I did manually add a test for it in a local stash, though seeing as it appears to expect the test data to be manually verified, I had left this uncommitted until I received some sort of feedback and set aside some time to make sure that the end result does not interfere in any way with the types that I may not be using in my keys.
- I think you ran into this (and I had kind of meant to ask this to you on the forums but it slipped my queue), but I’m a little concerned that it doesn’t honor the contract that if I give you
x
and you tuple pack it and unpack it, I always get x
back (in that I could give the tuple encoder a uint64
containing, say, the integer 1066, encode, decode, and then I get the int64
1066 back). We already don’t quite honor that contract, so maybe it’s not a huge deal, but it’s something I’m somewhat concerned about.

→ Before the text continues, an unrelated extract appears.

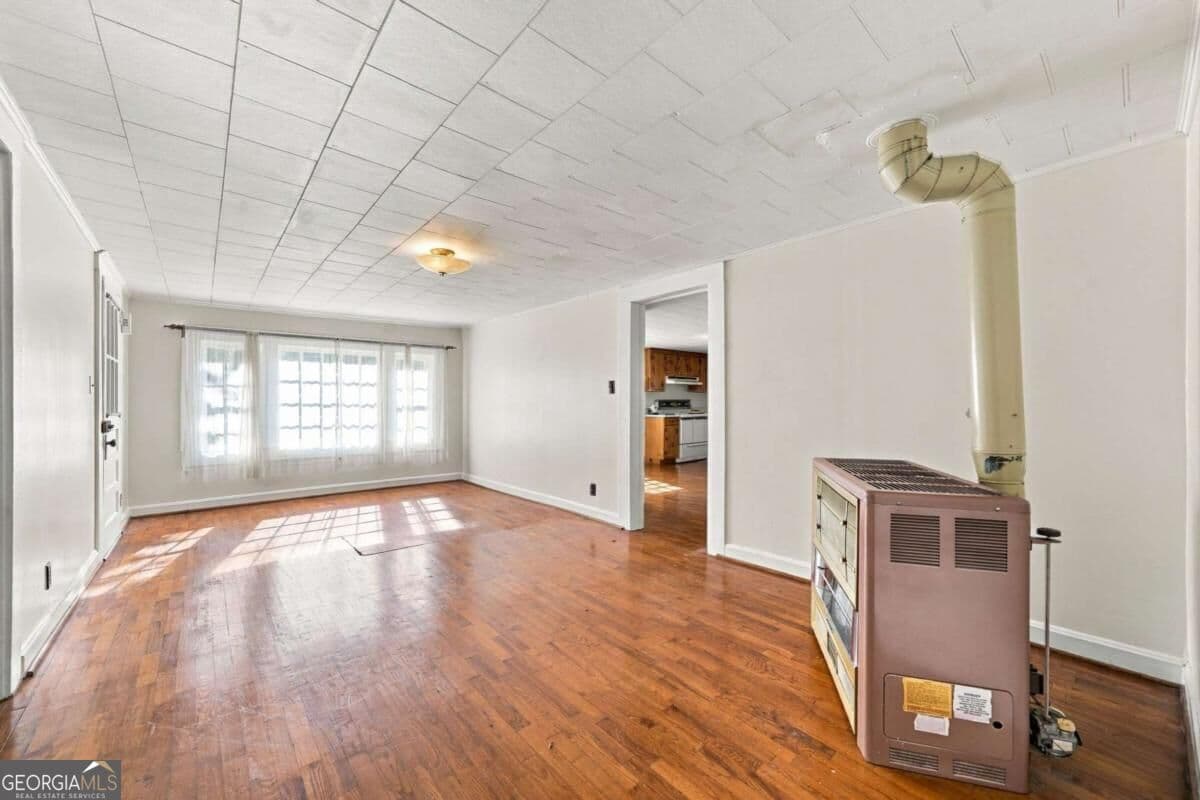 3 bedroom, 1 bathroom, 1,396 sq ft single family residence for sale at 238 Henry Turner Trail, Ball Ground, GA 30107 — photo 10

You are right, I did have to pick a side with this. These changes externally behave similarly to the Java implementation, returning an int64
(Long
) when it is in range, preserving the existing behavior regarding int64
values.
At first, I had decodeInt
return an int64
for only its min value through values of -1
, and return uint64
for all of the values that the type can represent. In practice, there are int64
type assertions in the directory
package that cause a panic using this approach.

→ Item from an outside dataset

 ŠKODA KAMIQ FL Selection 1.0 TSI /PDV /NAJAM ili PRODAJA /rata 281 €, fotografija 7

I tend to default to using the switch v := v.(type)
pattern and specify type cases that I expect, though it is generally reasonable in Go for someone to simply assert an int64
type, like in the directory
package, so there could also be existing user code that may break due to int64
type assertions.
I considered adding a new type code and updating the bindings. You probably already realize this, though like the first approach in Go, it wouldn’t be backwards compatible, affecting Java users that might attempt to decode existing data.
So for those reasons, and the way that the Java implementation was already converting BigInteger
to Long
where possible, I found the current behavior to be the most intuitive.
I do have to use the switch v := v.(type)
pattern in situations where the value range spans sections of the multiple int
types, though I understand the big picture and why this appears to be a reasonable compromise, so it doesn’t bother me personally, though I can see this as being a con of the current approach.
I don’t think we’d be opposed to using big.Int
from math/big
in the Go tuple implementation. The Java bindings didn’t always use big integers (they used Longs), but when they were updated, we just didn’t also update the Go bindings. My main concern would be that, memory and performance wise, using big integers could have more overhead than one might want. (This issue already exists in the Java bindings, and it’s something that we should probably address sooner rather than later.) But handling larger integers in the general case sounds fine to me.
I now see that using BigInteger
makes more sense in Java, as the 64-bit unsigned Long
type is a more-recent addition. If the overhead is enough to be noticeable in the Java implementation, and you might consider deprecating support for BigInteger
, in favor of using a byte string for example, it would make sense to me if implementing big.Int
were skipped in favor of encouraging the use of byte slices.
That would of course raise the issue of backwards compatibility, though there might not be nearly as many users who would rely on BigInteger
encoding/decoding who require sizes larger than the now current built-in types. That is purely anecdotal, and I am sure a scientist somewhere would disagree, so some sort of data or at least a poll raising the issue of performance costs might be helpful. I am not opinionated here for this reason.
I am interested if you have any thoughts on other potential approaches after reading my comments. I’ll reply to your inline comments shortly.
Thanks for quickly reviewing this PR!